Growth in the agricultural sector has been slower than that of the industrial and services sectors during the last decade leading to a growing inequality between the rich and the poor in Cambodia, according to a new book released by the Ministry of Economy and Finance last week.

The book, entitled “Cambodian Economy: Charting a course of a brighter future” and written by Finance Ministry Secretary General Hang Chuon Naron states that private sector investment coupled with high levels of development in urban sectors have led to a “considerable [wealth] gap between urban centers and rural areas” during the last decade.

“The rural poor depend upon access to natural and forest resources to meet their needs. Damage to and privatization of natural resources and land has exacerbated the inequalities,” Mr Naron states.

The book, which was funded by the Asian Development Bank, specifies that 90 percent of the poor live in rural areas.

Mr Naron goes on to explain that in order to have an impact on poverty reduction the agriculture sector should grow by at least five percent each year.

But achieving this level of performance in agriculture is challenging, he points out.

“The potential for growth in agriculture through intensification and expansion of cultivated land has been impeded by the absorptive capacity of the domestic market, the mediocre quality of exported products, and the lack of demand for agricultural products in the region,” he states.

“We have to have more incentive for rural development,” said Neou Seiha, a senior researcher at the Economic Institute of Cambodia, acknowledging that a large proportion of Cambodia’s growth over the past decade has been due to development in urban areas.

“You can see that both [urban and rural areas] increase, but the richer are moving faster than the poor,” he said.

He added that the speed at which the agricultural sector grows would depend heavily on the government’s ability to improve both bureaucratic constraints and reduce corruption.

In his book Mr Naron also underlines that Cambodia still suffers from “chronic capital and technology shortages” in the agricultural sector.

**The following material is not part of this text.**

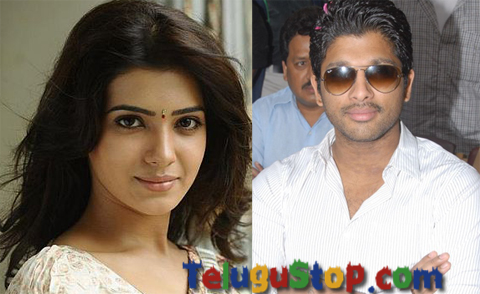  Samanta To Pair With Mega Hero Again-TeluguStop.com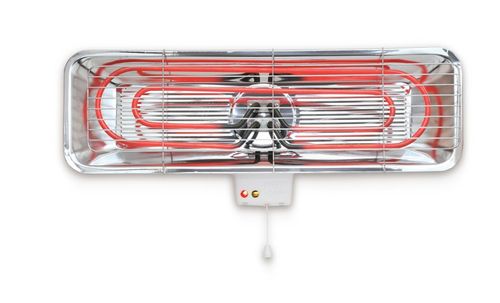 תנור נירוסטה כפול לאמבטיה EL-12A 2200W אלקטרו חנן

Still, the International Monetary Fund expressed late last year that 2010 would see greater growth in the agricultural sector.

Such predictions were somewhat confirmed earlier this month when ground was broken on a Chinese-funded 332 km irrigation system worth $61 million in Battambang province. A gradually improving road network is also expected to bring down production costs for the industry.

Indeed, the amount of land used for rice is growing – up from 2.3 million hectares in 2000 to 2.6 million hectares in 2008. Yet, 80 percent of the rural poor still depend on rice growing for subsistence. Land disputes on agricultural land are also curbing the potential for sustained growth in the industry, according to Mr Naron.

Mr Naron states that landless agricultural workers comprise of about 15 percent of the total number of farmers. “But this relatively egalitarian situation is rapidly worsening,” he states.

Other issues in need of dire attention include the quality of seeds for rice – a mere two percent of cultivated land uses certified seeds -, storage space for harvested produce and poor irrigation.

By developing these areas Cambodian farmers will be able to eliminate the use of middlemen who distort the market and ignore price signals from fluctuations in supply and demand in urban areas, Mr Naron states.

Of over 30,000 agro-business firms currently in operation, 91 percent employ less than five people and have a capital outlay of less than $1,000.